# One big question



## Mantis Lady (Aug 23, 2018)

I had 8 mantids of 3 different species before  I went on vacation. I mean 8 in the week before  we left.  In that week I lost 6 of the 7 mantids to something what I call the "sickness" The day before they seemed fine and the next day they getting restless  (stress?) and they end all with their limbs cramped. I replaced feeders, cleaned their homes. but in  short I had to let the 6 go with pain in my heart. and the 2 survivers  were doing fine.

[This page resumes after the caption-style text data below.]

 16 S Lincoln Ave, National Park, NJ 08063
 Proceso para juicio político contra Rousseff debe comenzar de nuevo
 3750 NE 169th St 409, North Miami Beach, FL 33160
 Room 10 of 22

we had all 2 good weeks with no problems.

we came home and normal life started till this morning: Hunter seemed spooked of something. I saw later a fly. Maybe the fly spooked her. She was doing threat pose and looked very stressed. I decided to cover her home in the hope to calm her down and gave her honey-water  But i was worried if it could be the sickness. I sepparated her home from the others. After my afternoon nap I saw her getting worse. Like the 6 were a few weeks ago.

I found her like this this afternoon:







I gave her some honey-water. She drank it.

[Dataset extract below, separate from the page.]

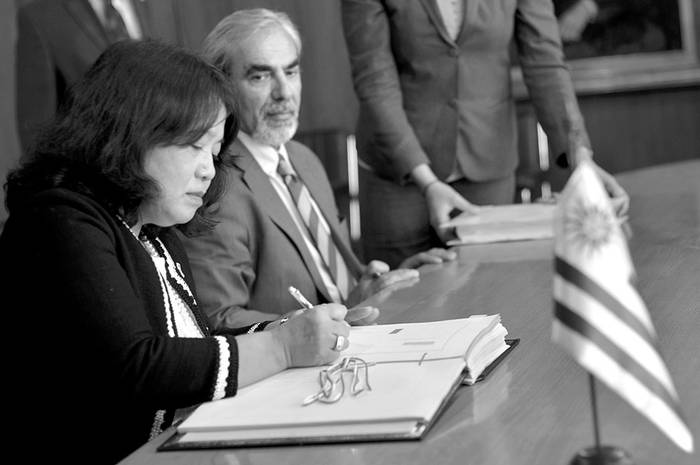 Keiko Tanaka, embajadora de Japón en Uruguay, y Luis Porto, canciller interino, ayer, en el Ministerio de Relaciones Exteriores.
Foto: Juan Manuel Ramos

Here you can see how the is pose of her legs . Not good.What is going on? I fear I will loose her too. But just gave her honey water and hope she will recover,....

I saved this girl 2x her life, but fear this time I can't save her...


----------



## Synapze (Aug 23, 2018)

Oh no. ? How old is Hunter?


----------



## Mantis Lady (Aug 24, 2018)

Think she is 2 months old as adult now. not Old.

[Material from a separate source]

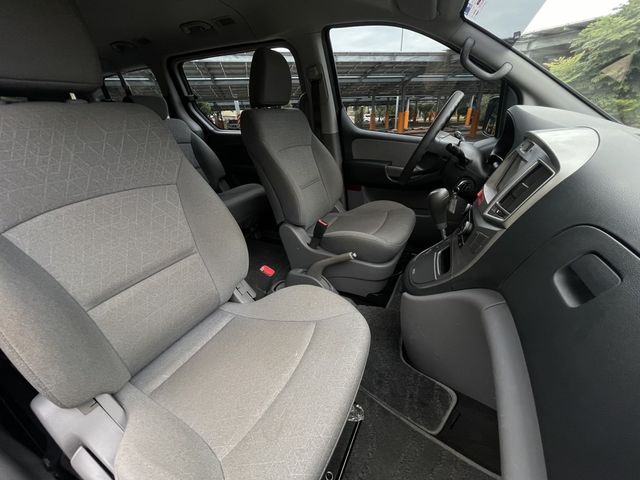 HYUNDAI現代 STAREX  第9張相片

I found her in the same position like in pic 2. I am really worried... has someone seen this before with the symtomes I have described?


----------



## Mantis Lady (Aug 25, 2018)

It is affecting feeders too: found a few crickets behaving like Hunter and the old ones. I made a video of to so you can see the symptones:



The grasshoppers seem unaffected. Sad thing is, I see Ashoka behaving differently too. Think I should remove the crickets, maybe the others are infected too but not visible yet.

I don't get it.... I hate this. had to let hunter go, honey gave no improvement...

Feeling bad right now.


----------



## Mantis Lady (Aug 25, 2018)

I will add this vid again: Flash was the first who got it. At first they stop eating. Think that is first. Then they acting spooked. and in the end they cramps....



I do'n't know what it is, still the big qestion. But I will leave here as much information as i can...


----------



## Synapze (Aug 25, 2018)

Is it possible that some type of toxin has entered your home?

If you have the option it would probably be best to dispose of all crickets. They are obviouly sick and/or poisoned.


----------



## Mantis Lady (Aug 25, 2018)

> If you have the option it woul﻿d probably be best to dispose of all crickets.


I have put the crickets in the freezer. Ashoka is gone too. She was barely alive when I found her  This afternoon she was standing on her legs but spooked. and now she in in freezer too.

I fear for the 3 little ones  If I new the "sickness" was still in my home, i would't have bought the new ones.



> Is it possible that some type of toxin has entered your home? ﻿


Like what? Do you have an idea? I have no clue. Thinking about a virus that came into my home that effects insects. (grasshoppers seems all fine and they were bought on the same day as the crickets.) Hubby has no clue either.

I won't buy any mantids till I know the "sickness" is out of my home. it is terrible to loose your pets to this. Dying of old age is ok, but not this.


----------



## Synapze (Aug 26, 2018)

Have any pest control products (or disinfectant sprays, room deodorizers, aerosol sprays) been used in or near your home recently? Any neighbors having pest control performed or lawns sprayed? I ask because where I live a county truck drives through the neighborhood on a routine basis spraying a cloud of pesticide to control the mosquito population... unfortunately it kills much more than just the mosquitoes and I get worried every time I hear the truck. Have you used any types of real plants in the enclosures recently? Especially chrysanthemums as they can be deadly to invertebrates. Have you started using any new cleaning products recently? Perhaps the crickets were exposed to some type of chemical toxin? I've seen what toxic exposure does to the central nervous system of invertebrates and it looks very similar. As far as viral possibilities, I have no knowledge.

It's sooo easy to tell from your posts that you take good care of your mantids, so there has to be another factor involved. In my opinion, those crickets look very suspect. It seems I read a cricket horror story every week, but I can't speak from experience on that because I'm too paranoid to bring them in my house.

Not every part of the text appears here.